Born in the early days of the German Empire in the Harz Mountains as the son of a coachman and party functionary , Schönleiter joined the union in 1904 and, after completing his apprenticeship as a journeyman, went on a journey .

After he was drafted into the German Army for military service in 1907 , he was deployed to Tsingtau , the capital of the so-called " German Protected Area Kiautschou ", but actually a colony of the German Empire in China .

After his return to Europe, Schönleiter worked as a cooper in Hanover . The marriage there resulted in two children; Hermann and Helmut .

After the beginning of the First World War , Hermann Schönleiter was drafted into the military again and deployed as a marine infantryman in the Imperial Navy .

In December 1918, Schönleiter returned to Hanover and was active there during the Weimar Republic as District Party Secretary of the Social Democratic Party of Germany (SPD). From 1925 to 1933 he was a member of the Hanover provincial parliament . He was elected chairman of the cartel for workers' sport and personal hygiene and, among other things, set up a youth camp on the Weser in 1930 . At the beginning of 1932 he called for the formation of "[...] the nationwide republic protection cartel 'Iron Front' in the Hanover area ."

After the National Socialists seized power , Schönleiter - like all SPD functionaries - became unemployed.
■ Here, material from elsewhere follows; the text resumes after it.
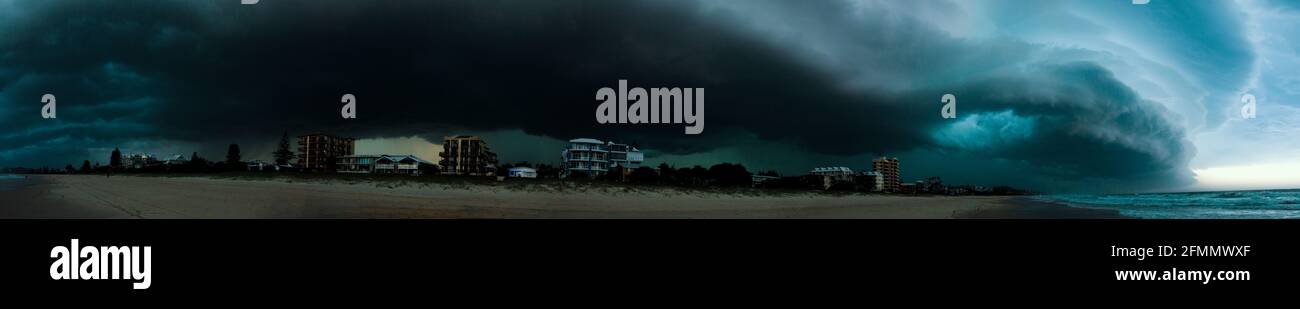 Panorama d'une immense cellule de tempête qui se trouve au-dessus d'un or Coast Beach Banque D'Images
The SPD was banned. Harassed by short-term arrests and house searches , he tried at least temporarily as a living representative with Commission sales to earn. With this activity he camouflaged - as a member of the "illegal" resistance organization Socialist Front - the connection he maintained with other members in Hildesheim .

But then Hermann Schönleiter was caught “ forging ” five Reichsmark coins with a portrait of Adolf Hitler made of lead by embossing “Germany's Verderber” into the pieces and circulating them . Schönleiter's son Helmut later said: "My father knew what to expect if you caught him - that didn't stop him". In June 1936 Hermann Schönleiter was arrested, his extensive library was confiscated and Schönleiter was initially held in custody in Hildesheim for eleven months . There he was sentenced to five years in prison by the Higher Regional Court based in Berlin on July 19, 1937 for preparing for high treason , which he then served in Hameln prison. After the five years of imprisonment, however, Schönleiter was deported from Hameln - in the middle of World War II - on June 19, 1941 to the Sachsenhausen concentration camp .

Almost two years later, Schönleiter suffered serious accident damage when, in March 1943, the truck, which was “fully loaded” with prisoners , rammed a tram on the icy road on the way to the barracks and fell into the ditch. Hermann Schönleiter was then in the hospital for eight weeks , after which he was no longer able to do the required heavy work outside the concentration camp. So he was briefly assigned to a light overseer job and finally released to Hanover on May 5, 1943. But he remained under the supervision of the police for the remainder of the “1000 year” Nazi empire. After the worst air raids on Hanover , Schönleiter moved from there to Wennigsen on January 12, 1945, where his family had already fled from the then Reich capital Berlin from the bombs and hunger in 1943 . In Wennigsen, the family found a makeshift shelter in a friend's arbor in the Wennigser Mark district , where Hermann Schönleiter registered on March 23, 1945.

Memorial stone to the meeting of Kurt Schumacher and Otto Grotewohl during the Wennigs conference in 1945 in the Wennigs mark

After the end of the war and at the time of the British occupation zone , in which the later SPD chairman Kurt Schumacher and his comrades from the office of Dr. Schumacher pushed ahead with the re-admission of the SPD, Hermann Schönleiter and his son Hermann actively participated in the re-establishment of the SPD in Wennigsen. Hermann Schönleiter and his son of the same name were also involved in the preparation and participation of the Wennigs conference , at which the SPD members of the three western zones as well as the previously exiled London board and the Berlin Central Committee, which was already influenced by communism , were chaired by Otto Grotewohl from 5th to 7 October 1945 met and Kurt Schumacher certain delegate for the Western zones. In the conference room of what was then the Petersen station hotel , later the Calenberger Hof , Schönleiter drew a large portrait of Karl Marx on the wall with charcoal and then decorated the room with red flags . Schönleiter's younger son Helmut , only three years old at the time, had to clear his bed for Otto Grotewohl, who later became Prime Minister of the GDR . The later mayor of Hanover, Otto Barche , went in and out of the Schönleitners at that time, as did the later Prime Minister of Lower Saxony , Alfred Kubel .

In 1947 Hermann Schönleiter was a member of the committee for denazification in the Hanover district . From September of the same year he was again active in the management of the SPD district of Hanover.

After the establishment of the Federal Republic of Germany , Hermann Schönleiter received a pension of 150 DM each in July 1949 for the total of 83 months in prison he had suffered in the “ Third Reich ”, as well as for the loss of his extensive library, which the Nazis had confiscated in 1936 Awarded month as compensation . In addition, he received a sum of money as compensation under the Lower Saxony Special Aid Act .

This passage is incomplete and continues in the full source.